WASHINGTON, D.C. — Today, U.S. Secretary of Commerce Wilbur Ross announced the affirmative preliminary determination in this antidumping duty (AD) investigation, finding that exporters of aluminum foil from the People’s Republic of China (China) sold their product at prices that resulted in preliminary dumping margins of 96.81 percent to 162.24 percent to be applied, based on factual evidence provided by the interested parties using the Department’s standard non-market economy dumping methodology.

Upon issuance of this preliminary determination, the Commerce Department will instruct U.S. Customs and Border Protection (CBP) to collect cash deposits from importers of aluminum foil from China based on the preliminary rates.

In 2016, imports of aluminum foil from China were valued at an estimated $389 million. The petitioner is the Aluminum Association Trade Enforcement Working Group.

Enforcement of U.S. trade law is a prime focus of the Trump administration. From January 20, 2017, through October 25, 2017, Commerce has initiated 77 antidumping and countervailing duty investigations – a 61 percent increase from 48 in the previous year.

The antidumping duty law provides U.S. businesses and workers with an internationally accepted mechanism to seek relief from the harmful effects of dumped or unfairly priced imports into the United States. Commerce currently maintains 411 AD and CVD orders which provide relief to American companies and industries impacted by unfair trade.

Commerce is currently scheduled to announce its final AD determination on February 23, 2018.

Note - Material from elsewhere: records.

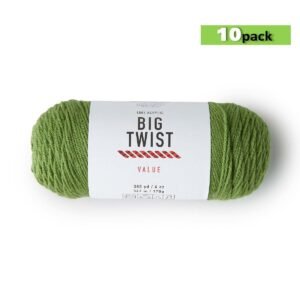 10pk Solid Lt Green Medium Weight Acrylic 380yd Value Yarn by Big Twist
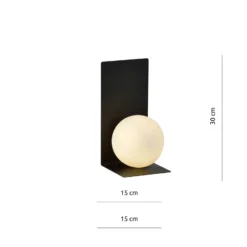 Aplique de pared forma 5, 15 cm x 30 cm, negro/ópalo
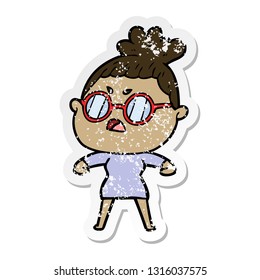 distressed sticker of a cartoon annoyed woman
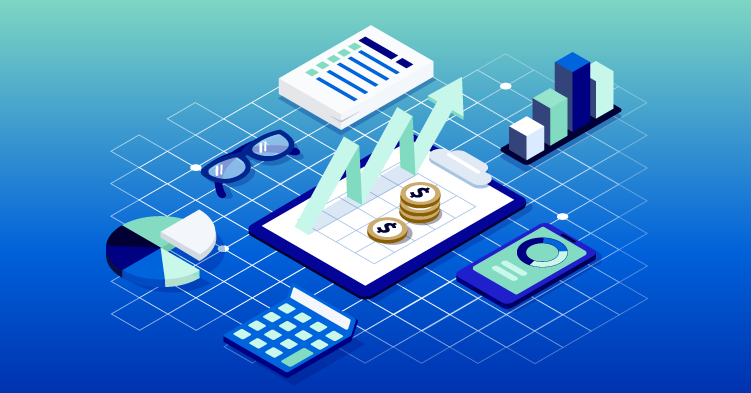 Illustration of a clipboard, calculator, smartphone, stack of paper, 3D graphs, and eyeglasses.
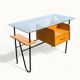 Modernist office – Azzano Frères – designed by Jacques Hitier – Oak, glass and felt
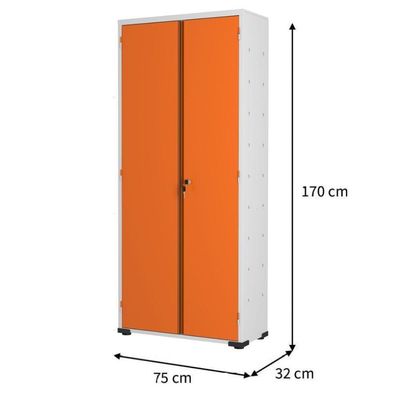 Armário Aço Escritório Fechadura 3 Prateleiras Ea302 Laranja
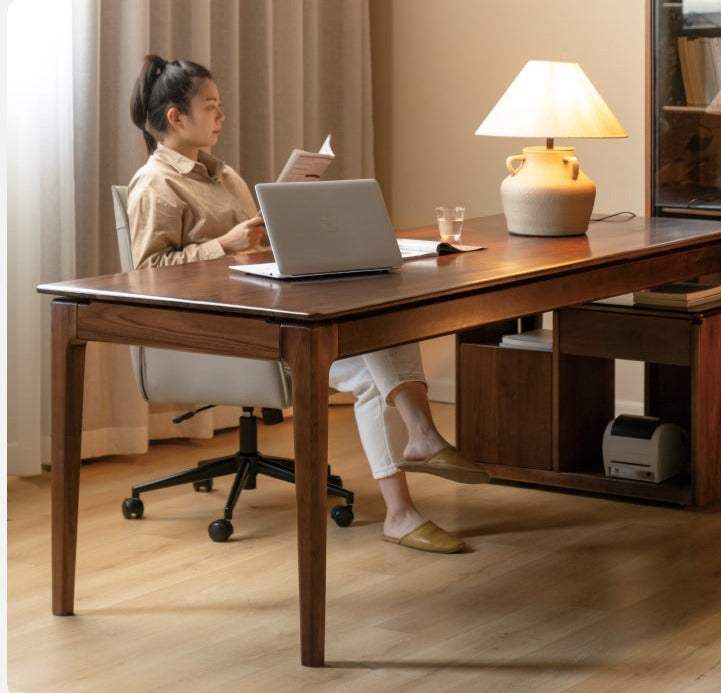 Premium Black Walnut & Ash Solid Wood Office Desk - Long Executive Work Table for Home & Business Use - Perfect for Modern Workspaces, Study Rooms & Office Decor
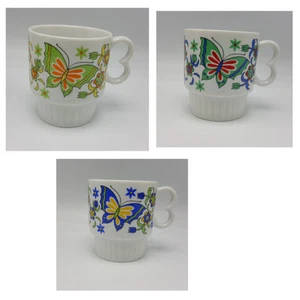 Taza de café mariposa retro apilable Japón mod azulada naranja lima rojo azul - Imagen 1 de 16
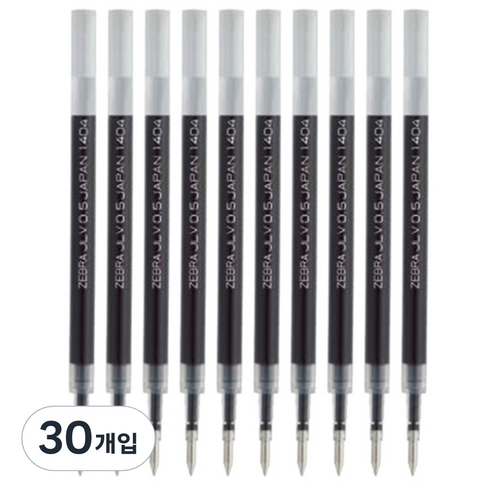 제브라 사라사 드라이 전용 리필심 JLV 0.4mm, 블랙, 30개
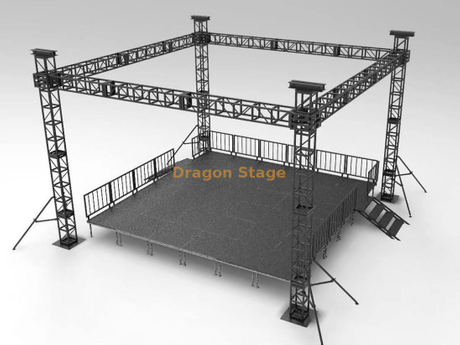 300 × 300 مم مرحلة الجمالون من الألمنيوم الأسود لحفل الزفاف 7x7x6m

If Commerce makes an affirmative final determination of dumping and the U.S. International Trade Commission (ITC) makes an affirmative final determination of injury, Commerce will issue an AD order. If Commerce makes a negative final determination of dumping or the ITC makes a negative final determination of injury, the investigation will be terminated and no order will be issued.

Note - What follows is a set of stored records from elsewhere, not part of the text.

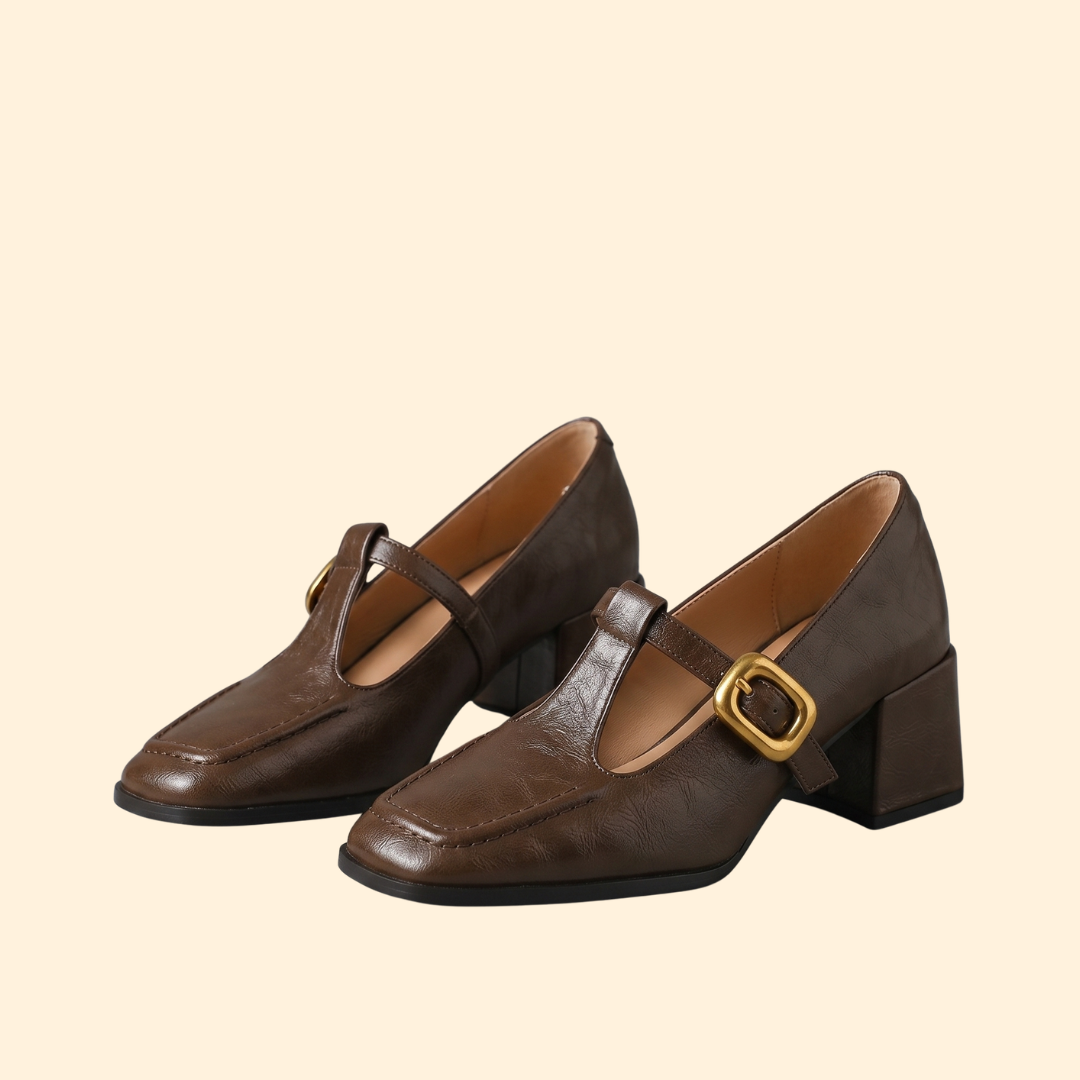 Women's Block Heel Pumps with Gold Buckle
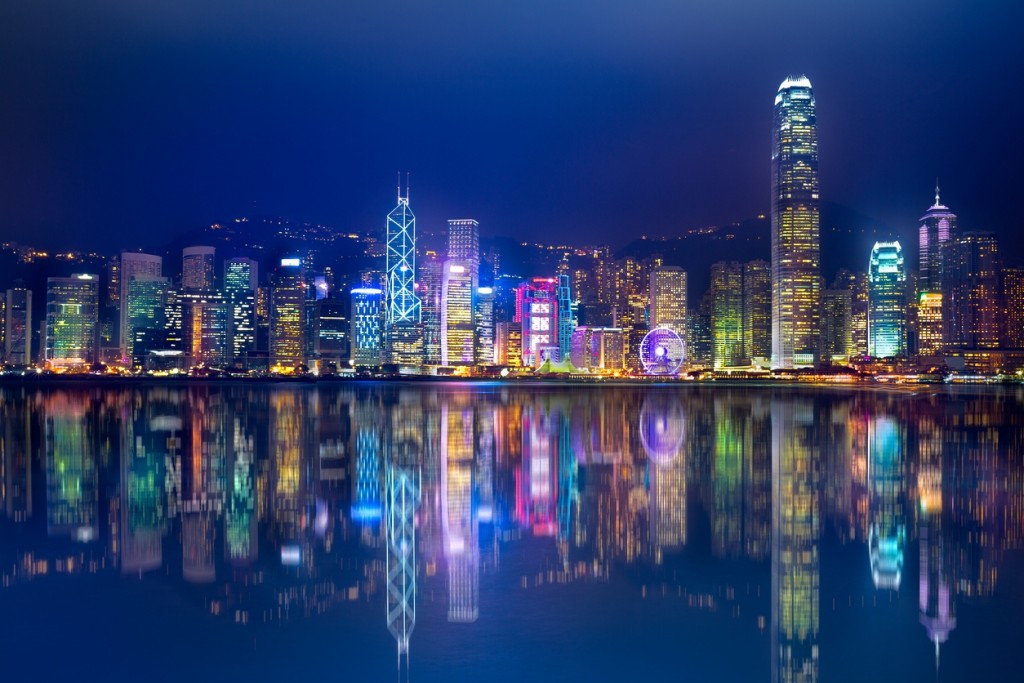 skyline di Hong Kong di notte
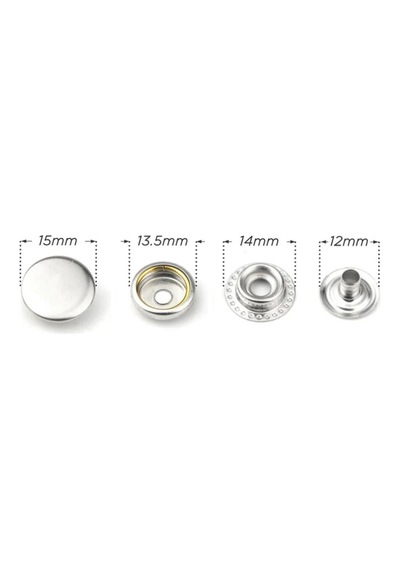 15mm 61 Tip Paslanmaz Büyük Çıtçıt Kalıpsızdır Nikel/gümüş Renk 100 Adet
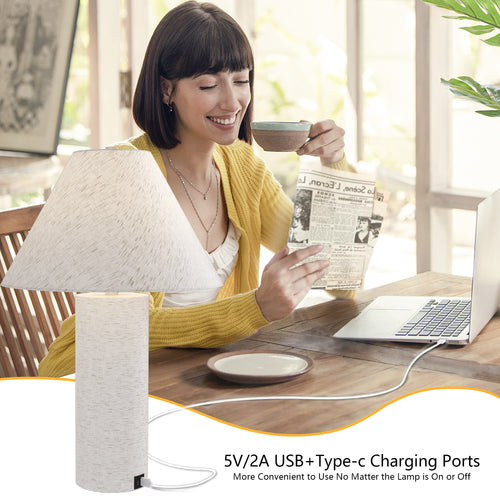23-Inch White Table Lamp with a Modern Design and a Resin-wrapped Fabric Body, Suitable for Study Rooms, Living Rooms, Bedrooms, and Offices.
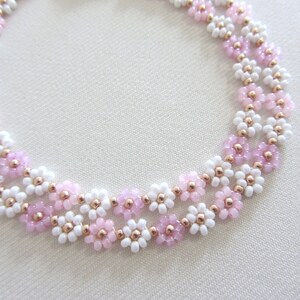 Beaded necklace with daisy flower, 24k gold necklace, White and pink choker necklace, Valentine's Day gift image 1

The U.S. Department of Commerce’s Enforcement and Compliance unit within the International Trade Administration is responsible for vigorously enforcing U.S. trade laws and does so through an impartial, transparent process that abides by international law and is based solely on factual evidence.

Foreign companies that price their products in the U.S. market below the cost of production or below prices in their home markets are subject to antidumping duties.